L'usage du passé composé est compatible avec la perfectivité. En (3), le locuteur a terminé de venir lors du temps de l'énoncé. C'est le résultat de l'action de venir ('être là') qui perdure dans le temps de l'énonciateur.


(3) Gant kalzig a garantez on deut hirio amañ.
avec beaucoup.DIM de1 amour suis ven.u aujourd'hui ici
'Je suis venu aujourd'hui ici avec pas mal d'amour.'
Son fest miz even, 'Chanson de juin'


Le résultat de l'action peut perdurer dans le temps de l'énonciateur avec un auxiliaire au passé.
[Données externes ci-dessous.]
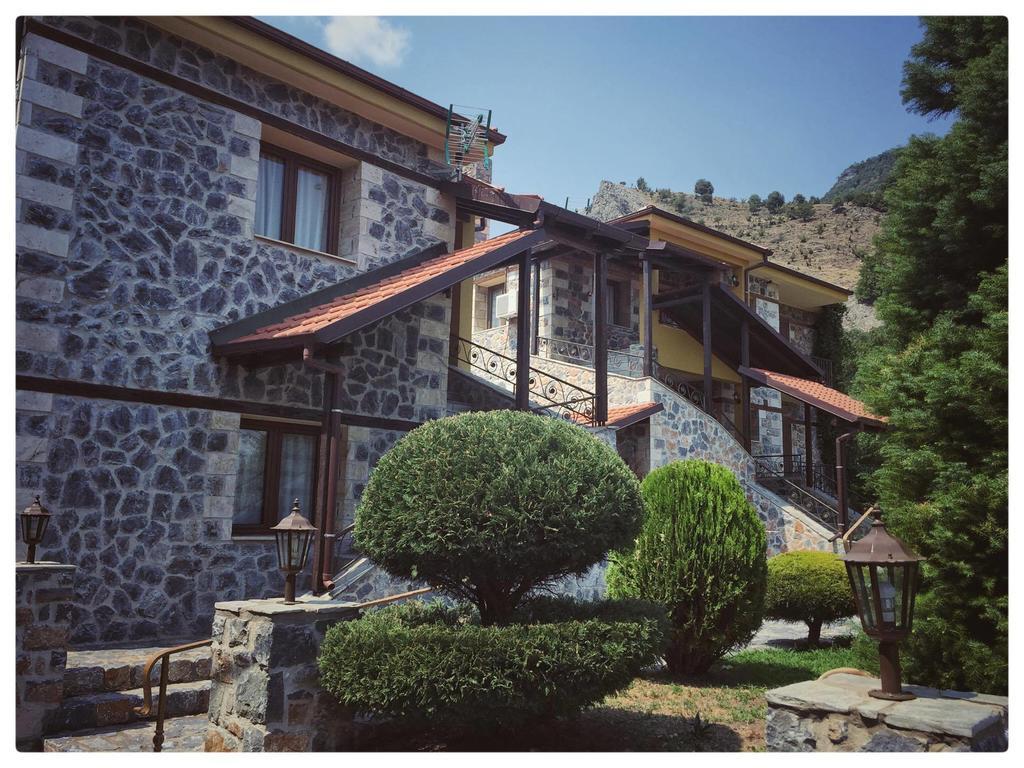 Hotel Yades Pozar Káto Loutrákion Exterior foto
(4) Me am-oa kollet warlene ma broz toskan.
moi R.1SG avait perd.u année.dernière mon2 jupe toscane
'J'ai perdu l'année dernière ma jupe de couleur.' (perte définitive)
Trégorrois, Gros (1966:28)


(5) Me am-oa bet kollet warlene ma broz toskan.
moi R.1SG avait eu perd.u année.dernière mon2 jupe toscane
'J'avais perdu l'année dernière ma jupe de couleur.' (retrouvée entretemps)
Trégorrois, Gros (1966:28)


usage pour le futur proche

(6) Ma, Aet on.
Bon ! all.é suis
'Bon, j'y vais.'
Standard, Kerrain (2015b:136)

Horizons comparatifs

En gallo, comme en breton, le passé composé n'est utilisé "que pour désigner une action passée qui a lien avec le présent". Cependant, le passé simple y est utilisé à l'oral comme à l'écrit (Auffray 2007:intro).

La sur-utilisation du plus-que-parfait en français de Basse-Bretagne est un bretonnisme connu.
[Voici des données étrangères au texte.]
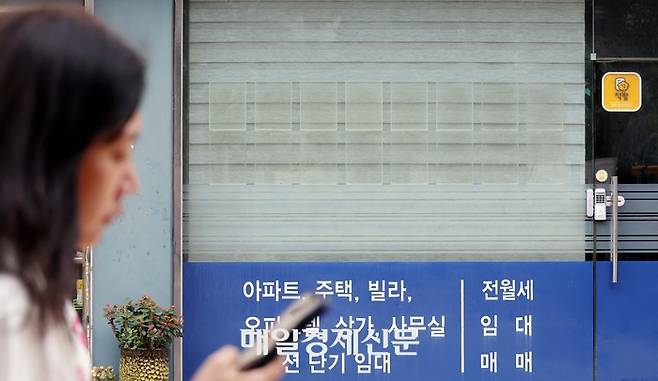 서울 송파구 부동산 업소 스케치. [김재훈 기자]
(6) Hier, j'avais écrit une lettre, Lossec (2010:94)

J'avais été malade toute la semaine dernière, Lossec (2010:94)


Terminologie

Kervella (1947) utilise le terme breton amzer-dremenet-amstrizh.

Press (1986:228) traduit amzer-dremenet-amstrizh par 'perfect tense', et donne un exemple de passé composé.

Kervella (1947:§186) nomme anv-verb tremenet les formes bezañ kanet et bezañ bet kanet. Il s'agit respectivement d'un passé composé et d'un passé surcomposé.